Using Easy XPath Expressions

Generally, xmllint is known as a popular tool to validate your XML structure. Mostly unknown is its internal shell. With this shell you can make some spiffy XPath tests and check if it returns exactly what you want. Let’s consider the following DocBook 4 document:

<book lang="en">
  <title>Dancing with Penguins</title>
  <bookinfo>
    <author>
      <firstname>Tux</firstname>
     <surname>Penguin</surname>
    </author>
  </bookinfo>
  <chapter id="know.penguins">
    <title>Getting to Know Penguins</title>
    <abstract>
      <para>Penguins are cute.</para>
    </abstract>
    <sect1>
      <title>The Head</title>
      <para>...</para>
    </sect1>
    <!-- A small comment -->
    <sect1 id="penguin.coat">
      <title>The Coat</title>
      <para>...</para>
    </sect1>
  </chapter>
</book>

The content is not so important than the structure. To examine some XPath features of xmllint, we load the document into its shell using its --shell option:

xmllint --shell penguin-dance.xml

You first see the prompt:

/ >

The prompt shows you the path to your current node. After loading you just see the root node, which is indicated as /. Pretty similar than a Linux path notation.
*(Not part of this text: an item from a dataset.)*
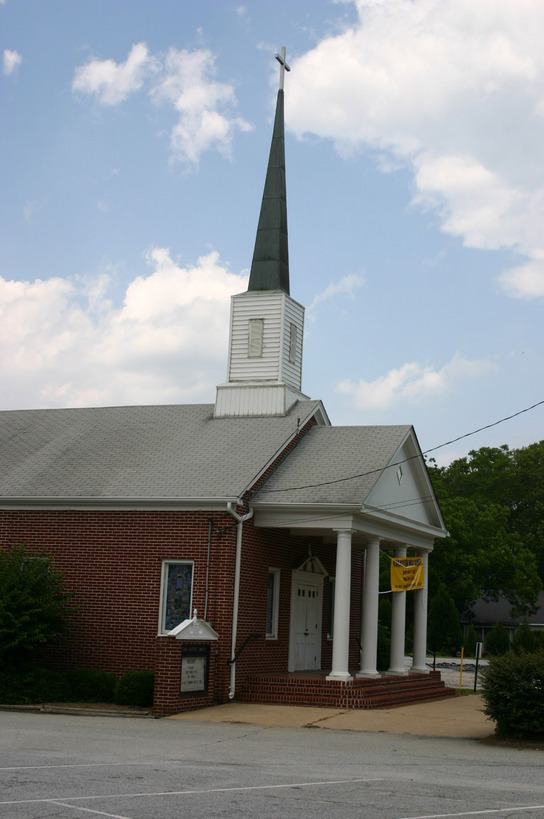 Carl, GA: First Baptist Church - Carl, GA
Use help to list all available commands. For this little post, we focus on the xpath command. It evaluates an XPath expression in the context and prints the result. Let’s try an absolute XPath:

/ > xpath /book
Object is a Node Set :
Set contains 1 nodes:
1  ELEMENT book
    ATTRIBUTE lang
      TEXT
        content=en

Well, that was to be expected. The interesting part is, you can change the context. For example, we could change it to the first chapter:

/ > cd book/chapter
  chapter >

Surprised we didn’t use an absolute XPath? Well, our context was already the root node, containing the book node. In this case, it doesn’t matter to use a relative or absolute XPath. Both lead to the same node. However, this is not always the case.
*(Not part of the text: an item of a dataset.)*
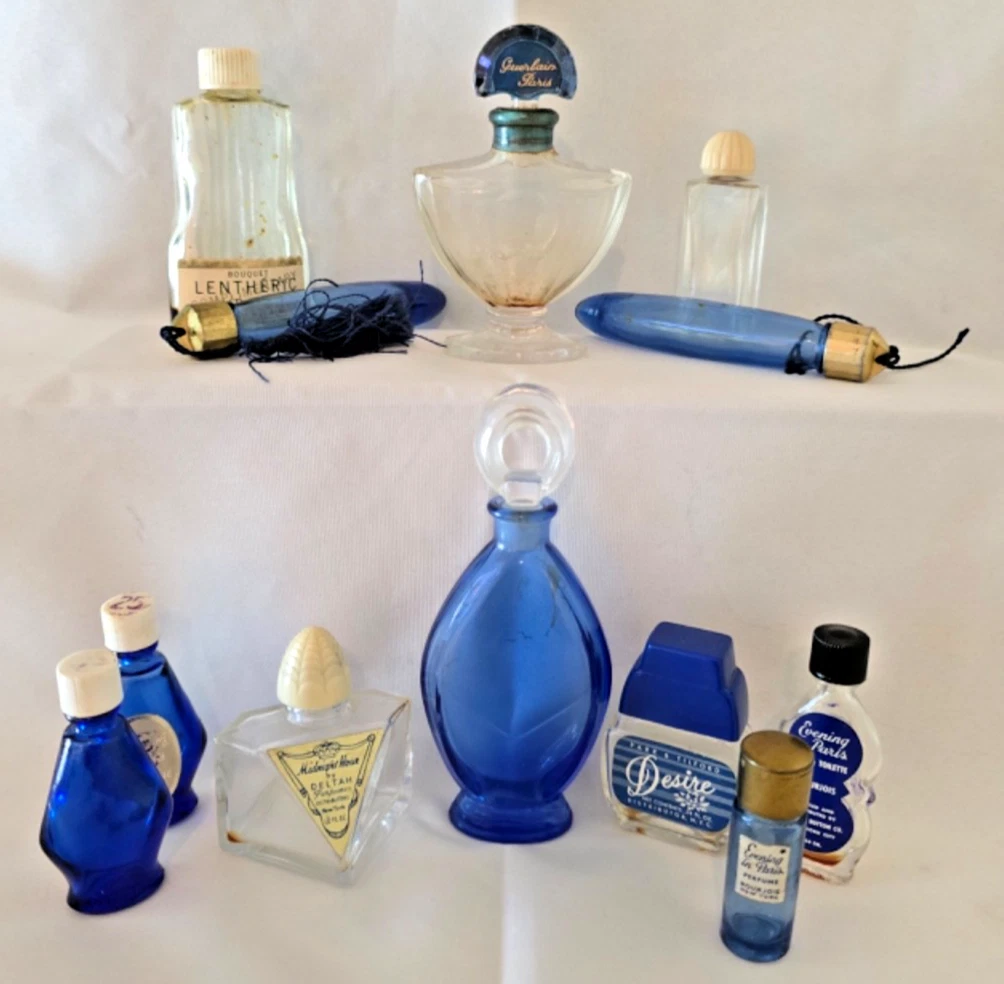 Vintage Guerlain In Collectible Decorative Glass & Crystal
Let’s see what we have inside book:

chapter > xpath *
  1  ELEMENT title
  2  ELEMENT abstract
  3  ELEMENT sect1
  4  ELEMENT sect1

Yes, that’s right. Ok, we want all sections in this chapter, that don’t have an id attribute. This can be achieved by using a XPath predicate and the XPath function not:

chapter > xpath sect1[not(@id)]
  Object is a Node Set :
  Set contains 1 nodes:
  1  ELEMENT sect1

We need the title, so we just append /title after the previous expression:

chapter > xpath sect1[not(@id)]/title
  1  ELEMENT title

and we want the content so we wrap it into the string XPath function:

chapter > xpath string(sect1[not(@id)]/title)
  Object is a string : The Head

We could use a lot more expressions to get the previous or following nodes, the parent nodes or the child nodes. For now, this section is enough and I make it a bit more difficult.

Using Namespaces in XPath Expressions

When dealing with XML it is not uncommon that documents contain one or more XML namespaces. To work with such structures, it is not enough to reuse the previous expressions. They will not work. Before you can work with namespaces, you have to define it first.
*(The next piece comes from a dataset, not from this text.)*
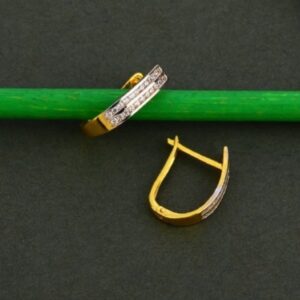 22 carat gold ladies earrings RH-LE703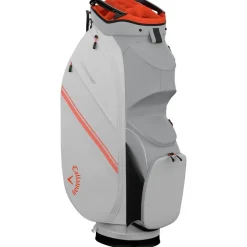 Sac chariot série Callaway Golf Chase 14 Cart White Silver Orange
Let’s consider KIWI. The configuration is a XML file, based on a RELAX NG schema. The RELAX NG schema are bound to a namespace. Load the KIWI schema with the following command:

xmllint --shell http://gitorious.org/kiwi/kiwi/blobs/raw/master/modules/KIWISchema.rng

As the KIWI schema can (and probably will) change, your results might be a little different than mine. But the principle is the same.

Now we want to know, what contains the root element. As we do not know (yet) the root element’s name, we use a wildcard:

/ > xpath *
Object is a Node Set :
Set contains 1 nodes:
1  ELEMENT grammar
namespace db href=http://docbook.org/ns/docbook
namespace a href=http://relaxng.org/ns/compatibility/anno...
namespace rng href=http://relaxng.org/ns/structure/1.0
namespace xsi href=http://www.w3.org/2001/XMLSchema-instanc...
default namespace href=http://relaxng.org/ns/structure/1.0
ATTRIBUTE datatypeLibrary
TEXT
content=http://www.w3.org/2001/XMLSchema-datatyp...

As you can see, the KIWI schema defines 5 namespaces in the grammar element. A RELAX NG schema uses the namespace http://relaxng.org/ns/structure/1.0 which is bound to the rng prefix in our case. For convenience reason, we define it with the setns command just as r:

/ > setns r=http://relaxng.org/ns/structure/1.0

The prefix is unimportant, important is the namespace. We could use the one which is definied in the schema, it wouldn’t matter. But “r” is shorter than “rng”. 🙂 After you have definied the XML namespace, you can enter all XPath expressions. However, you have to insert the prefix in front of your element names. For example, we can count all definied elements in the KIWI schema. RELAX NG uses the name element (surprise!) for this. To get the number of all definied elements, apply the XPath function count on the // expression:

/ > xpath count(//r:element)
Object is a number : 80

Generally, every RELAX NG schema contains a start element. What contains it?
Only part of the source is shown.